Work request ▸ Return the records that follow, matching each one exactly.

Entries provided ▸
________________________________________
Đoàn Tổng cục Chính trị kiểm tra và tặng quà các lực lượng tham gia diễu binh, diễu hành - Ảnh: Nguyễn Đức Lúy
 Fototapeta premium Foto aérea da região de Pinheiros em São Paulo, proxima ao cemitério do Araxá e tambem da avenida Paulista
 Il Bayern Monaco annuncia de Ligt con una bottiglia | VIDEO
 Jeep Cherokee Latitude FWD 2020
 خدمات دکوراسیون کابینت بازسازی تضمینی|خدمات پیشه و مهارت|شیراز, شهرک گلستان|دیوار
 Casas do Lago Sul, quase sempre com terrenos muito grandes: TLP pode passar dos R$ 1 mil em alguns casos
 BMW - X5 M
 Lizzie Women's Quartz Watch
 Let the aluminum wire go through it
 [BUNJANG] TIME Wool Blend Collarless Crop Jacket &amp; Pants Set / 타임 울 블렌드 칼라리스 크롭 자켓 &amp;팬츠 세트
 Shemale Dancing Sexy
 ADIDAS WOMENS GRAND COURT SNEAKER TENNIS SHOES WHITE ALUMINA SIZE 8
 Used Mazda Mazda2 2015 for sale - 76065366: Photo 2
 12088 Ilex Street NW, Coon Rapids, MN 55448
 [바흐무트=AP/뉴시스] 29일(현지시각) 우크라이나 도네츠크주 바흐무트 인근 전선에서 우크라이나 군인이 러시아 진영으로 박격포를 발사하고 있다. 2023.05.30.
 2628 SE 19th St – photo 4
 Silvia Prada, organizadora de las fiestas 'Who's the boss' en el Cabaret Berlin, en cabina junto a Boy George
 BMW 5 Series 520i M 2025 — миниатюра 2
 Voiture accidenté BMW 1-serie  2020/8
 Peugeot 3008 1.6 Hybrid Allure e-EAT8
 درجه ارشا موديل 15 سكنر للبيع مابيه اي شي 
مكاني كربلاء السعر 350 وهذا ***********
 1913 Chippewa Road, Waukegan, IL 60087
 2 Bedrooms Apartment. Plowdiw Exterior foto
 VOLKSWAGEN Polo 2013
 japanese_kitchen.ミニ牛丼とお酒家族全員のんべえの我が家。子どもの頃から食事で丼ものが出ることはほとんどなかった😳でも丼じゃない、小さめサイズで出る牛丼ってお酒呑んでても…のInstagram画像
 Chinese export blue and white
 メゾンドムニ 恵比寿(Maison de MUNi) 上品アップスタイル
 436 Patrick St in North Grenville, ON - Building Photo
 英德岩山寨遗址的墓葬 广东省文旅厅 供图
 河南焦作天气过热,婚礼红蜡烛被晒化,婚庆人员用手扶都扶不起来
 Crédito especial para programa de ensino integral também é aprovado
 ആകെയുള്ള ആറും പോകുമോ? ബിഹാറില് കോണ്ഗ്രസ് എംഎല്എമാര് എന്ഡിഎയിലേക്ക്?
________________________________________
Written reply ▸
Đoàn Tổng cục Chính trị kiểm tra và tặng quà các lực lượng tham gia diễu binh, diễu hành - Ảnh: Nguyễn Đức Lúy
 Fototapeta premium Foto aérea da região de Pinheiros em São Paulo, proxima ao cemitério do Araxá e tambem da avenida Paulista
 Il Bayern Monaco annuncia de Ligt con una bottiglia | VIDEO
 Jeep Cherokee Latitude FWD 2020
 خدمات دکوراسیون کابینت بازسازی تضمینی|خدمات پیشه و مهارت|شیراز, شهرک گلستان|دیوار
 Casas do Lago Sul, quase sempre com terrenos muito grandes: TLP pode passar dos R$ 1 mil em alguns casos
 BMW - X5 M
 Lizzie Women's Quartz Watch
 Let the aluminum wire go through it
 [BUNJANG] TIME Wool Blend Collarless Crop Jacket &amp; Pants Set / 타임 울 블렌드 칼라리스 크롭 자켓 &amp;팬츠 세트
 Shemale Dancing Sexy
 ADIDAS WOMENS GRAND COURT SNEAKER TENNIS SHOES WHITE ALUMINA SIZE 8
 Used Mazda Mazda2 2015 for sale - 76065366: Photo 2
 12088 Ilex Street NW, Coon Rapids, MN 55448
 [바흐무트=AP/뉴시스] 29일(현지시각) 우크라이나 도네츠크주 바흐무트 인근 전선에서 우크라이나 군인이 러시아 진영으로 박격포를 발사하고 있다. 2023.05.30.
 2628 SE 19th St – photo 4
 Silvia Prada, organizadora de las fiestas 'Who's the boss' en el Cabaret Berlin, en cabina junto a Boy George
 BMW 5 Series 520i M 2025 — миниатюра 2
 Voiture accidenté BMW 1-serie  2020/8
 Peugeot 3008 1.6 Hybrid Allure e-EAT8
 درجه ارشا موديل 15 سكنر للبيع مابيه اي شي 
مكاني كربلاء السعر 350 وهذا ***********
 1913 Chippewa Road, Waukegan, IL 60087
 2 Bedrooms Apartment. Plowdiw Exterior foto
 VOLKSWAGEN Polo 2013
 japanese_kitchen.ミニ牛丼とお酒家族全員のんべえの我が家。子どもの頃から食事で丼ものが出ることはほとんどなかった😳でも丼じゃない、小さめサイズで出る牛丼ってお酒呑んでても…のInstagram画像
 Chinese export blue and white
 メゾンドムニ 恵比寿(Maison de MUNi) 上品アップスタイル
 436 Patrick St in North Grenville, ON - Building Photo
 英德岩山寨遗址的墓葬 广东省文旅厅 供图
 河南焦作天气过热,婚礼红蜡烛被晒化,婚庆人员用手扶都扶不起来
 Crédito especial para programa de ensino integral também é aprovado
 ആകെയുള്ള ആറും പോകുമോ? ബിഹാറില് കോണ്ഗ്രസ് എംഎല്എമാര് എന്ഡിഎയിലേക്ക്?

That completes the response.